Two charged in Christmas Day attacks on Washington substations that cut power to 14,000
Two men have been charged in the Christmas Day attacks on four power substations near Tacoma, Washington, that left about 14,000 homes and businesses without power, officials said Tuesday.
While federal authorities have long said the country's power grid is vulnerable to terrorists domestic and foreign, the suspects may have been motivated by the spoils of burglary, prosecutors said.
Matthew Greenwood, 32, and Jeremy Crahan, 40, both of nearby Puyallup, were planning to rob a business, which would have been made easier with electricity unavailable for security, cameras, lighting and other elements, federal prosecutors said
They said the men carried out the burglary during the power outage, according to court documents.
Greenwood was also charged with possession of unregistered firearms, a short-barreled shotgun and a short-barreled rifle, authorities said.
It wasn't clear whether the men had attorneys. The federal public defender's office for Western Washington didn't immediately respond to a request for comment. The case was filed Saturday and unsealed Tuesday.
Prosecutors with the U.S. attorney's office for Western Washington, who worked alongside the FBI on the case, said cellphone location data was key to zeroing in on the defendants, whose devices placed them in the area of the substations during the crimes, they said.
The two have been at the SeaTac Federal Detention Center since they were detained, and the U.S. attorney's office said prosecutors will ask a judge to keep them behind bars pending future hearings.
FBI Special Agent Mark Tucher said in the affidavit that Greenwood admitted to detectives that he entered each of four substations Christmas Day and damaged equipment on purpose.
The attacks appeared to successfully target the substations' high-side switches, devices that can connect or disconnect a potent power source, authorities said in court filings.
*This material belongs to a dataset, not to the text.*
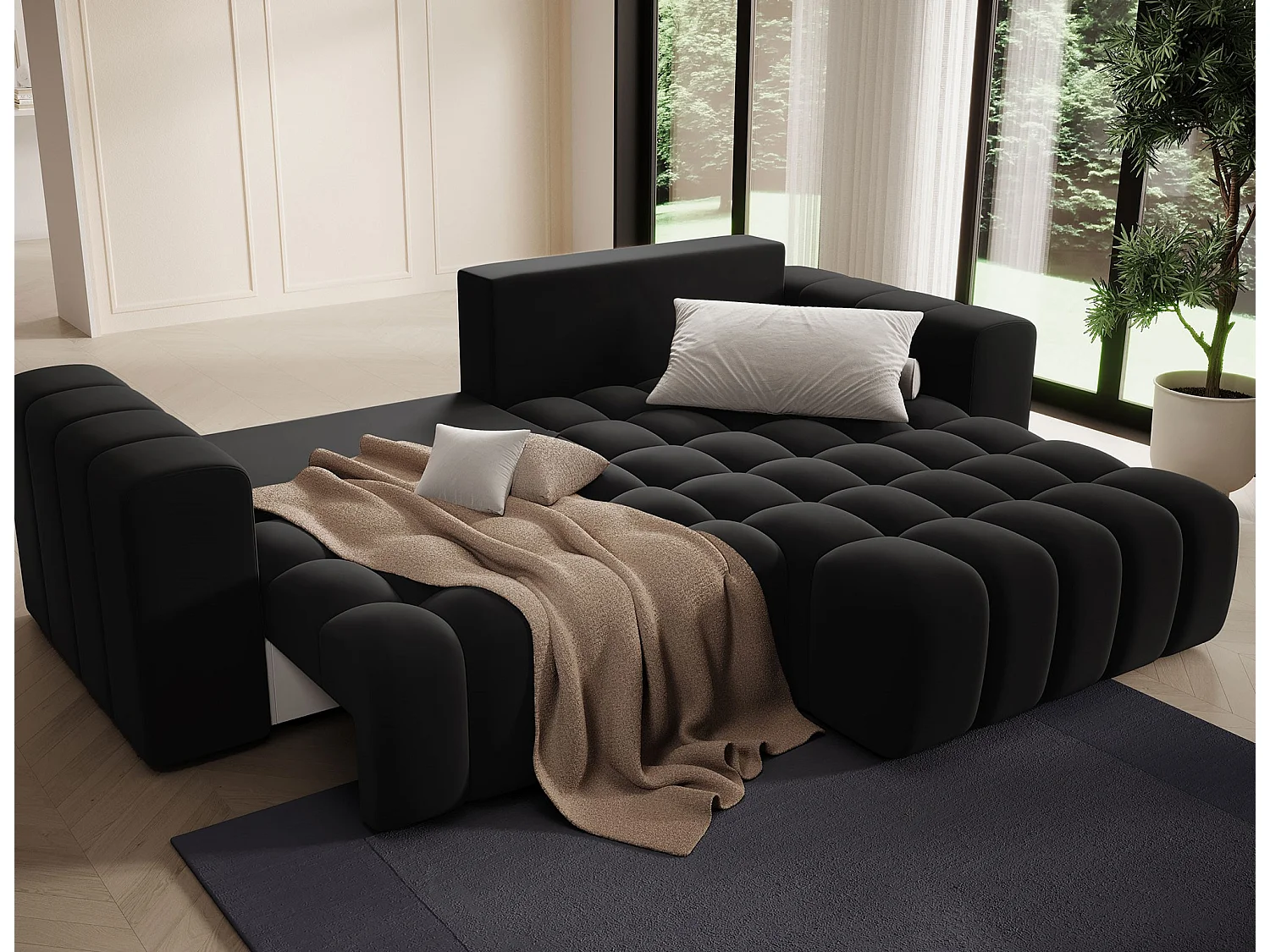 Canapé d’angle velours capitonné BOZEN – Convertible et rangement-Noir-angle droit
At the Elk Grove and Graham substations, "de-energizer taps" were so badly damaged that full repair could take 36 weeks and cost up to $3 million, prosecutors said in the court documents. Although electricity has been restored in the region, the output of those two substations was reduced from 50 megawatts to 15, officials said.
The Graham and Elk Plain substations are operated by Tacoma Power; the Kapowsin and Hemlock substations are operated by Puget Sound Energy.
The attacks came after someone shot at a pair of substations in Moore County, North Carolina, on Dec. 3, sparking widespread outages for 45,000 customers that lasted nearly four days.
Officials said they are investigating a theory that the blackouts were meant to thwart a Southern Pines, North Carolina, drag queen holiday event called "Downtown Divas."
Anti-LGBTQ protesters had targeted the event in the days leading up to its presentation at the Sunrise Theater. Organizers said the blackout didn't immediately cause them to cancel, and it went on for 45 minutes amid the glimmer of cellphone lights.
In February, three men accused of plotting to attack electricity substations as part of a white supremacist bid to sow national unrest pleaded guilty to federal charges of providing material support to terrorism.